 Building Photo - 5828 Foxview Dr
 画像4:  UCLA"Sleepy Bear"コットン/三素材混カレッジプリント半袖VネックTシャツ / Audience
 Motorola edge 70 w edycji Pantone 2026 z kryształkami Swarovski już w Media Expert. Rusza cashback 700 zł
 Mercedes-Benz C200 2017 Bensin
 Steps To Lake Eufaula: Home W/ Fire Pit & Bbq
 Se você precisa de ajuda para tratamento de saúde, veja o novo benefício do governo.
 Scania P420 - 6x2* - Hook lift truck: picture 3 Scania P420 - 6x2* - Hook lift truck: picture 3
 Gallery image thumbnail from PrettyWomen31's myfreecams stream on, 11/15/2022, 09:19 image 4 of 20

──────

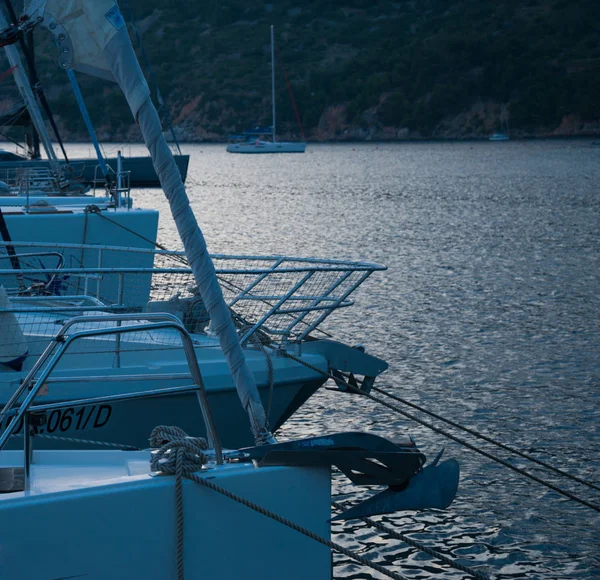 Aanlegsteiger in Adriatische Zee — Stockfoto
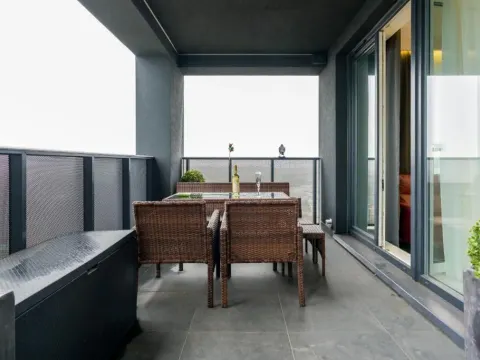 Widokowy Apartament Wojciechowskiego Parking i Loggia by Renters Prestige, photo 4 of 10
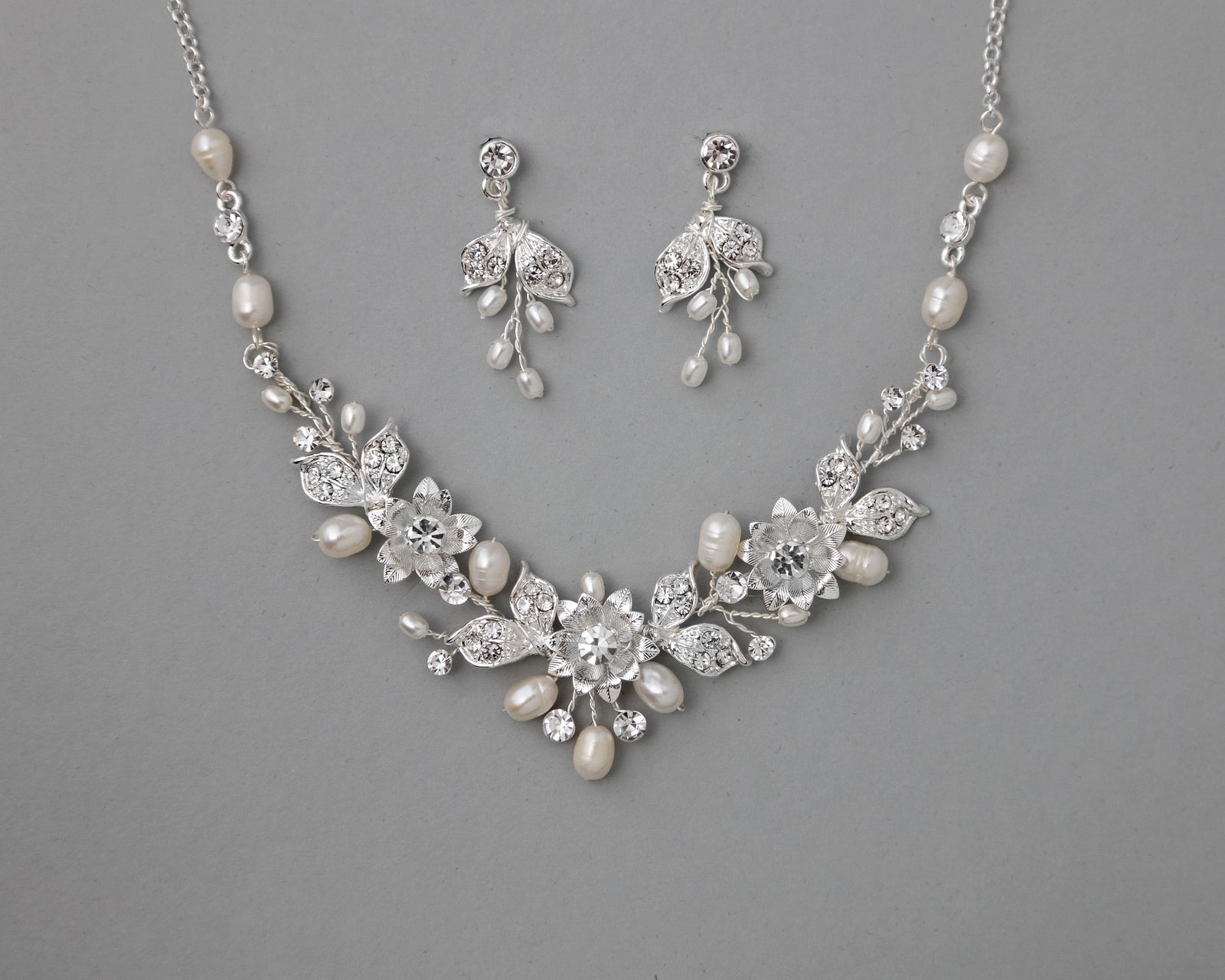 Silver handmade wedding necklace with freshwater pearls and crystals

──────

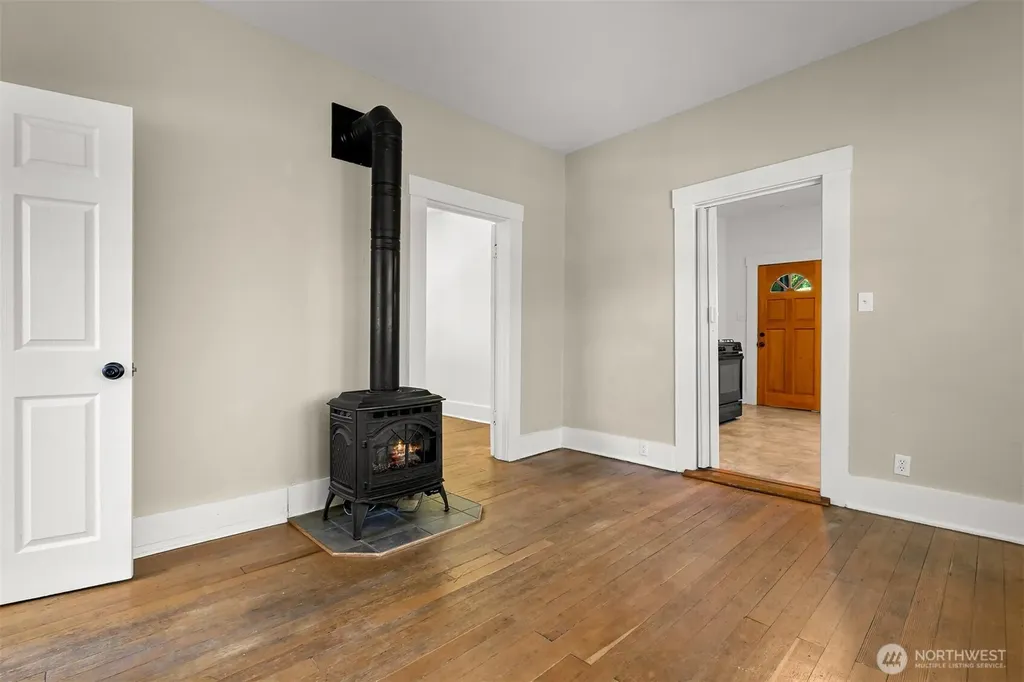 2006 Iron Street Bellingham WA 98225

──────

[EXERCISE]
Starting at the line containing "Aanlegsteiger in Adriatische Zee — Stockfoto" and finishing at the line containing "Silver handmade wedding", return those lines exactly as they appear above, without the pictures.

[FINISHED EXERCISE]
 Aanlegsteiger in Adriatische Zee — Stockfoto
 Widokowy Apartament Wojciechowskiego Parking i Loggia by Renters Prestige, photo 4 of 10
 Silver handmade wedding necklace with freshwater pearls and crystals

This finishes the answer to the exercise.